In a Cross Option Agreement, the surviving business owner(s) have an option to buy ("call") the business interest from the deceased business owner's personal representative, and the legal representatives of the deceased business owner have an option to sell ("put") the shares to the surviving business owner(s).

For example, if the surviving shareholders want to buy the deceased shareholder's shares then the latter's legal representatives must sell them. Likewise, if the shareholding is offered by the personal representative to the surviving shareholders then they must buy. Just like Buy-Sell Agreement, it must state the trigger events for the option to be exercised and also the agreed period for an option to be exercised when a trigger event occurs.

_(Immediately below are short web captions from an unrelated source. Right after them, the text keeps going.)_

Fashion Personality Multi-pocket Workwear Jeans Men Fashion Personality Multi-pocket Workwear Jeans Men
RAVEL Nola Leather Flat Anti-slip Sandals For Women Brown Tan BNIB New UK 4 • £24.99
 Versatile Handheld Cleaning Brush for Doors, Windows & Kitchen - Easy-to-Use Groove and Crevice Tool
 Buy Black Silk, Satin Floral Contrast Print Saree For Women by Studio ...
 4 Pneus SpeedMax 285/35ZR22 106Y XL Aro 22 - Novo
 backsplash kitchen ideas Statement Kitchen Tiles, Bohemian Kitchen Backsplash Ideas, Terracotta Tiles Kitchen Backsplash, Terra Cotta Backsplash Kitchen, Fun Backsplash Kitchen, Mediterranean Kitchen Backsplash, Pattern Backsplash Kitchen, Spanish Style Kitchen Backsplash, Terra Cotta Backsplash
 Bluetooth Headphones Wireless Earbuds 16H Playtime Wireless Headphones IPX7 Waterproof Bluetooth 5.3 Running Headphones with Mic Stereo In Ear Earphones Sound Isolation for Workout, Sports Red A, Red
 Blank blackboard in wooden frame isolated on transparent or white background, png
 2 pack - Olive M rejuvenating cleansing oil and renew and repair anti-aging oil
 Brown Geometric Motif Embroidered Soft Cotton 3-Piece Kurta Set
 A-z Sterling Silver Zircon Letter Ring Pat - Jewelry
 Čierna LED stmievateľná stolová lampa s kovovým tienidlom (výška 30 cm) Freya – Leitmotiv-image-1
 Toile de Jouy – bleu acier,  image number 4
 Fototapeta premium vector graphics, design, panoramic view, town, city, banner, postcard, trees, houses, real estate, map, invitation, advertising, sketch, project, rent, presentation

Different events may allow the exercise of different types of options available to the business owners under the Cross Option agreement:

 

 

 

 

a.

What happens upon the death of any of the business owner? "Double Option" is given to the parties - here the personal representative of the deceased business owner shall have the option to require ("put option") the other surviving business owners to buy the interest of the deceased business owner and at the same time the other surviving business owners shall have the option to require the personal representative to sell ("call option") the interest of the deceased business owner.

   

 

b.

What happens upon the occurrence of any critical illness and disability of a business owner? "Single Option" is given to the disabled business owner shall have the option to require ("put option") the other surviving business owners to buy his interest. This prevents a disabled business owner who can still contribute to the business effectively from being forced to sell (and forced out of the business) to the other co-owners when they exercise their call option. The diagram below illustrates the usage of Single Option.

 

 

 

In some cases especially when there is an inactive business owner who do not intend to buy out the others when an event occurs, a Call Option is preferred and is given to the active business owners. This is because it will give the "purchasers" an option whether they would want to purchase the business interest of the inactive party.

There are various issues to be determined whether a Buy-Sell Agreement or Cross Option Agreement is to be used. It is essential to seek the advice of Professional Estate Planners to help you make an informed decision.